File: fetchdictdata.py

package info (click to toggle)
freedict 2016.12.12-1
links: PTS, VCS
area: main
in suites: stretch
size: 556,676 kB
ctags: 484
sloc: xml: 466,758; perl: 3,392; python: 936; makefile: 550; sh: 268; yacc: 207
file content (436 lines) | stat: -rwxr-xr-x 17,591 bytes
#!/usr/bin/env python3
"""This script fetches all available databases from
http://www.freedict.org/freedict-database.xml
It accepts the following options:

    -dc    generate debian/control and debian/copyright
           This may take some time, since the copyright information is parsed
           out of the TEI XML source file(s) (if licensecheck fails, which it
                   does often).
    -f    fetch new source from SourceForge and save it into the file
          ../freedict_VER.orig.tar.gz (where VER is date in format yyyy.mm.dd)
          -x when -f is given, -x can be used to exclude the import of some
          dictionaries. The supplied string must be space-separated, so and
          escaped.
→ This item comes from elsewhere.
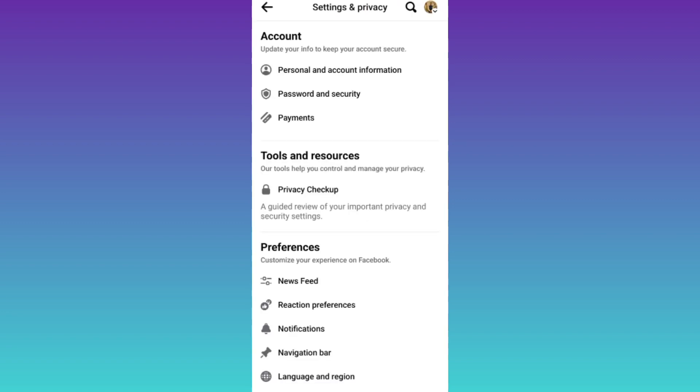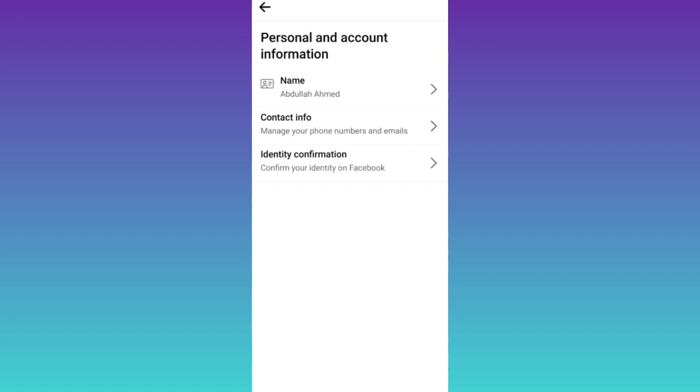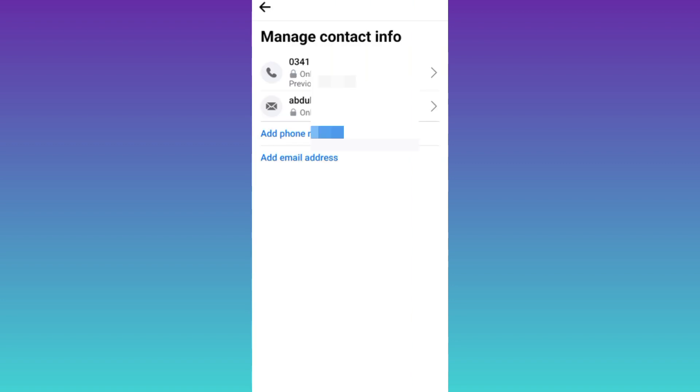Now, click on the first option, personal and account information. Then, tap on contact info and here you will find your email address.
For instance -x 'xxx-xxx yyy-yyy'
    -x    fetch new xml freedict database
    -na <database>   output name and author of <database> (e. g. lat-deu)
    -a    perform all actions (except fetching new xml database)

IMPORTANT: you must run this script from the root of the freedict source,
otherwise the operations will fail.

Dependencies:
    tar, unzip, git, licensecheck

NOTE: this program works with python 3, legacy code for support will be removed.
"""

#pylint: disable=multiple-imports
import collections, re
import os, shutil, subprocess, sys
import datetime
import xml.etree.ElementTree as ET
import urllib.request

XML_URL = 'http://www.freedict.org/freedict-database.xml'
LANGCODE_TABLE = "debian/iso-639-3_20130123.tab"
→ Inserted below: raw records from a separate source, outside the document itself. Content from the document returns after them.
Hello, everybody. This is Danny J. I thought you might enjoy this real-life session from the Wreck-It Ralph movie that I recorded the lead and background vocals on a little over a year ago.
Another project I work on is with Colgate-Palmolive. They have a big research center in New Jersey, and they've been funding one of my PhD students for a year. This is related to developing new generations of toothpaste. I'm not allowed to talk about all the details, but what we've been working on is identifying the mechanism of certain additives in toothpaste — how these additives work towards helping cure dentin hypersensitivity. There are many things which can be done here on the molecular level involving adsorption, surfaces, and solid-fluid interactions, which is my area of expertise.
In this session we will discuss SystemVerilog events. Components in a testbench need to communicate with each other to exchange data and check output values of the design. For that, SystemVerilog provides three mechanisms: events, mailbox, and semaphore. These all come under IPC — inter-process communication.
def dictionarycode2longdescription(string):
    """
    Take a iso-639 dictionary string (like lat-deu) and translate it into the
    long version (like Latin-German)."""
    for item in os.listdir('debian'):
        if item.startswith('iso-'):
            tmp = open(os.path.join('debian', item), 'r', encoding='utf-8').read()
            tmp = tmp.split('\n')
    langtbl = {}
    for line in tmp[1:]:
        line = line.split('\t')
        langtbl[line[0]] = line[6]
        if line[1] != '': # some have two language code, add it:
            langtbl[line[1]] = line[6]
    string = string.split('-')
    return langtbl[string[0]] +'-' + langtbl[string[1]]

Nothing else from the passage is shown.